- [PROBLEM TO WORK ON] Only text lines belong in the answer: the lines from the first one in the records through the line with "Regnponcho for barn, vanntett, gjenbrukbar, lett", copied exactly.

******

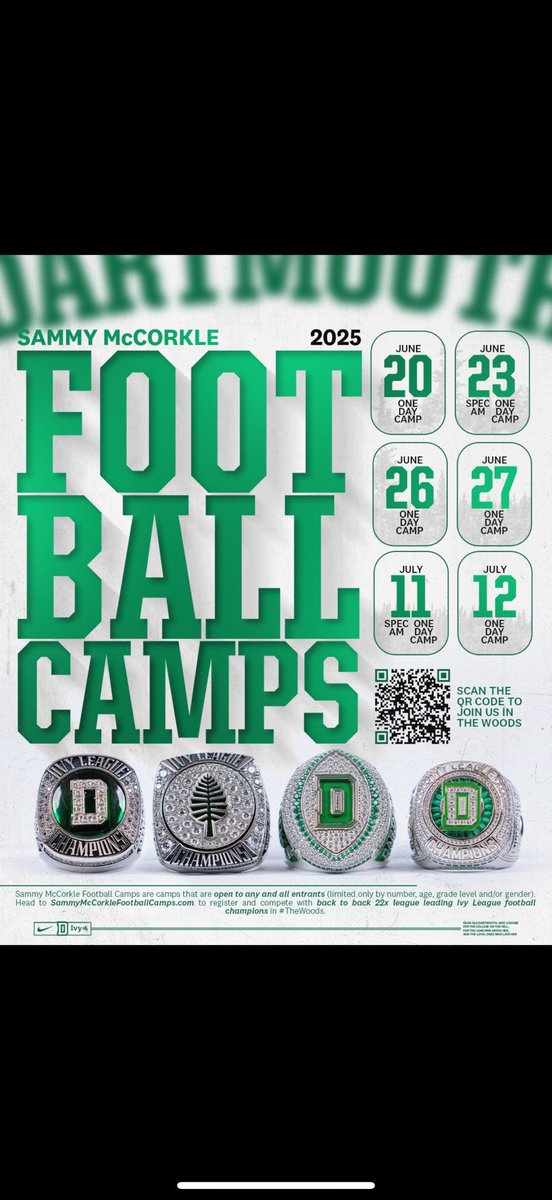 🚨 Class of 2026 and 2027 🚨

Here’s your opportunity to be PERSONALLY COACHED AND EVALUATED by a Championship Football Staff who has won 4 of the last 5 Ivy League Championships. 

Don’t miss your chance to earn an offer to WIN in #TheWoods 🇳🇫🇳🇫🇳🇫

⬇️⬇️⬇️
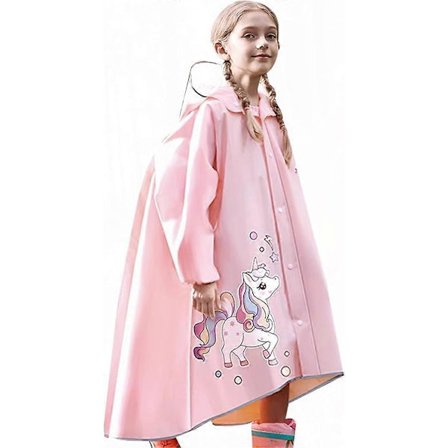 Regnponcho for barn, vanntett, gjenbrukbar, lett regnjakke, regntøy med skolesekkdeksel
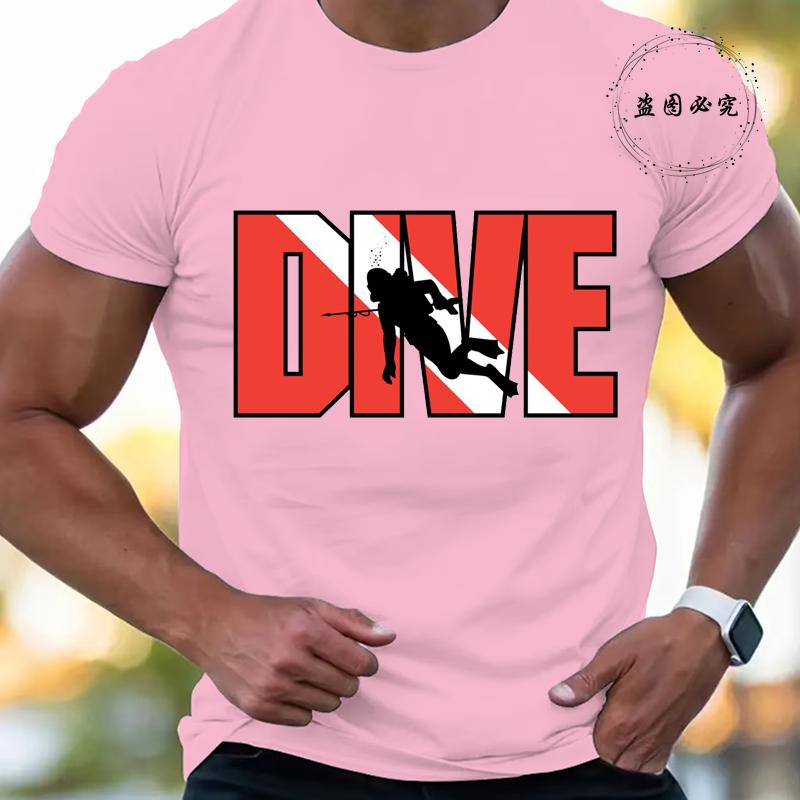 Новая модная футболка для мужчин, повседневная, с коротким рукавом, хип-хоп, уличная одежда, футболка с принтом SCUBA Dive, пуловер, мужская, женская, футболка, топы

******

- [WRITTEN ANSWER]
 🚨 Class of 2026 and 2027 🚨

Here’s your opportunity to be PERSONALLY COACHED AND EVALUATED by a Championship Football Staff who has won 4 of the last 5 Ivy League Championships. 

Don’t miss your chance to earn an offer to WIN in #TheWoods 🇳🇫🇳🇫🇳🇫

⬇️⬇️⬇️
 Regnponcho for barn, vanntett, gjenbrukbar, lett regnjakke, regntøy med skolesekkdeksel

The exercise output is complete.